ABOUT THIS EXERCISE
Copy out the data exactly, leaving the pictures behind.

RAW DATA

........

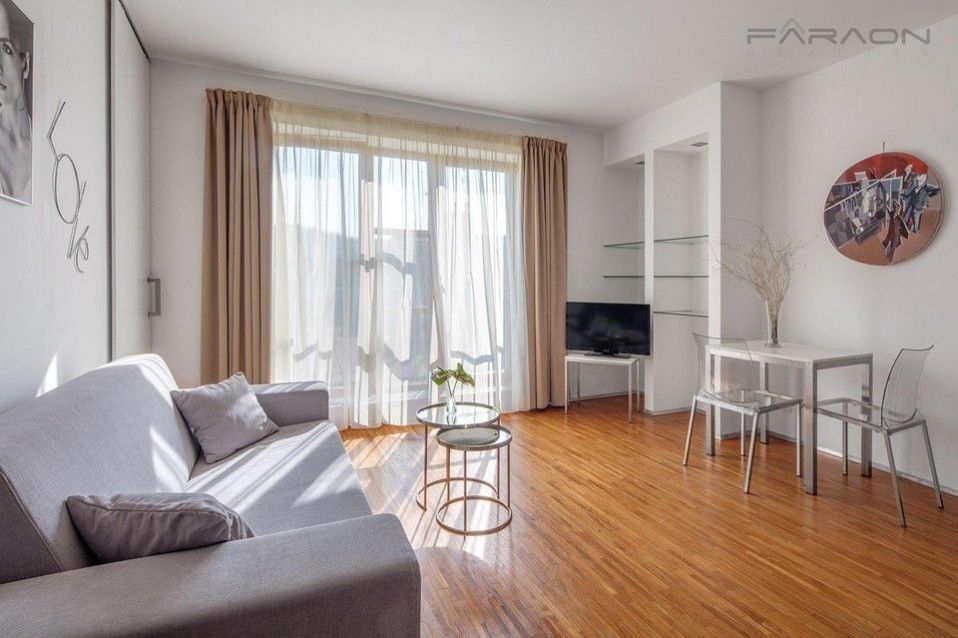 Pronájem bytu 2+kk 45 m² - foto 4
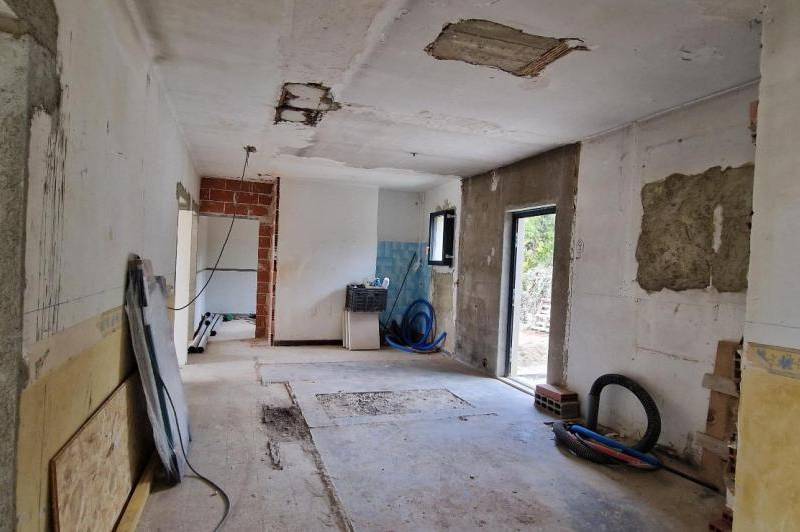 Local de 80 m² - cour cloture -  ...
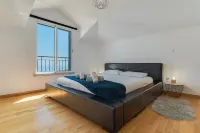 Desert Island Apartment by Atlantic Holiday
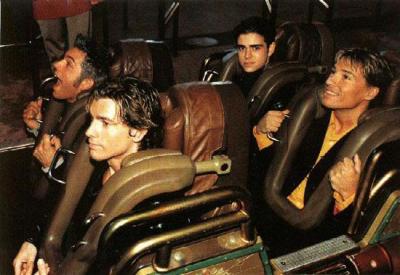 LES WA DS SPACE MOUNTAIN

........

WRITTEN RESPONSE
 Pronájem bytu 2+kk 45 m² - foto 4
 Local de 80 m² - cour cloture -  ...
 Desert Island Apartment by Atlantic Holiday
 LES WA DS SPACE MOUNTAIN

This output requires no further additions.